Most Western intellectuals see the world as consisting of only physical matter and its associated effects, such as heat, motion, and electromagnetism. For those who think this way, there is no ‘ghost in the machine’ animating the world: everything that exists is a causal elaboration of the Big Bang, and all of reality seems to be random or accidental.
At the same time, many Westerners have gone through individual awakenings, connecting to Eastern philosophy, New Age thought, transpersonal psychology, or some other mystical traditions. These individuals feel they have accessed a greater reality and have transitioned to a state of personal spirituality. Some of these individuals – in particular those who had previously maintained strongly-held secular positions – could be considered ‘post-secular’ or possessing a ‘post-secular spirituality’.
On a personal level, I find the word ‘post-secular’ as a useful way of communicating my spiritual history and worldview. When I was in college, I was Vice President of the Atheists, Agnostics, and Freethinkers club. I recall several hours gazing inwardly at myself, considering the critical mass of neurons which were producing my illusion of subjective consciousness. I would verbally swat at my mother when she mentioned astrology, energy, or ESP, since none of these concepts were considered valid by the scientific mainstream. Eventually, I went through several emotional and cognitive shifts through which I began to discard a purely secular worldview and self-identify as a spiritual person.
I see this secular process as a sort of ‘journey underground’ – a period of time where we deny our more transcendent spiritual natures and desiccate all notion of spirituality from the machinery of life. Like the Fellowship of the Ring traversing the Mines of Moria, it is a darkened and perilous passage, where we eschew sunlight and taste a keen fear of death.
This passage is not a bad thing (at least in my view), and I do not bemoan those who continue to undertake their secular journey, rejecting all possibilities of spirituality. From a spiritual standpoint, this may be considered a powerful cleansing process, a cultivation of key skills, and a transformative experience of existential Otherness.
So, what does it mean to be a post-secular spiritual person? This is really a philosophical question, so its answer will vary from person to person. In my view, a post-secular viewpoint is highly useful when it emphasizes the following qualities:
- Existential engagement: a spiritual approach means engaging ideas, practices, and work with our whole being. Rather than maintaining a sterilizing distance, we throw ourselves fully into what we do.
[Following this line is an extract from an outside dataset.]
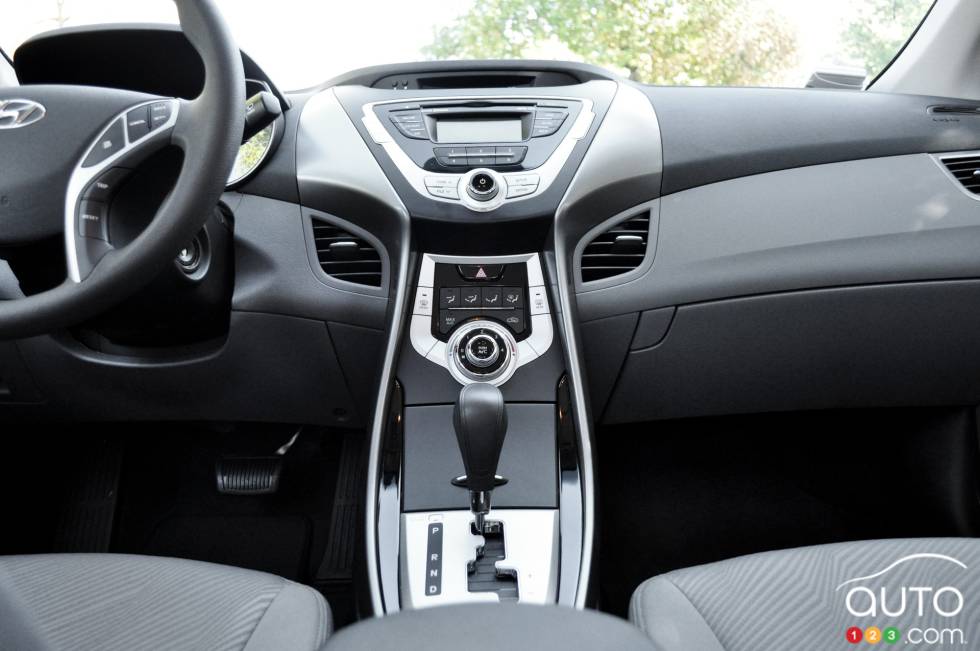 Tableau de bord et sièges avant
We are open to revising any element of our viewpoint which does not cohere with our selves in an intimate, personal sense.
- Seeking explanations: at its essence, secularism is questioning. We investigate, examine, and consider alternative possibilities. We seek a full, comprehensive answer which satisfies as many scenarios as possible. Rather than swallowing spiritual advice like an inert pill, we engage the content and work through it. And, we allow both physical and metaphysical factors to be present in the explanation.
- Post-modernism: this twentieth-century movement recognized that all schools of thought are human creations, and that no single perspective can ‘own’ the hidden truths of life. This is not intellectual resignation, however: it calls us to investigate diverse perspectives and synthesize them, affording compassionate consideration to all knowledge traditions around the world. What does it mean that our knowledge is always to some degree uncertain? It reflects the social reality that we are vulnerable, incomplete, and interconnected, and that social connection is a necessary component for well-being, even cognitive well-being. It also means that we need to draw on both our secular and spiritual natures if we want to truly expand our understanding to new frontiers.
One of the best things about being a post-secular person is that you can continue to value and appreciate the secular worldview and those who adhere to (or insist on) a purely materialistic worldview. ‘Yes, that was once myself’, I say. And while I do not presume their worldview must one day look like mine, I do feel that any clearly bounded worldview has an expiration date, and I advocate for each of us to transcend the limits of our own worldviews as time goes on.
By respecting and admiring secularism, I can continue to communicate with secular-minded individuals, creating a non-violent space where spiritual topics are available for open discussion and exploration. If they are not interested in discussing spirituality (as most are not), I respect and honor their journey underground. I try to remain open to the many permutations of human connection that can arise in the rich diversity of our modern world community.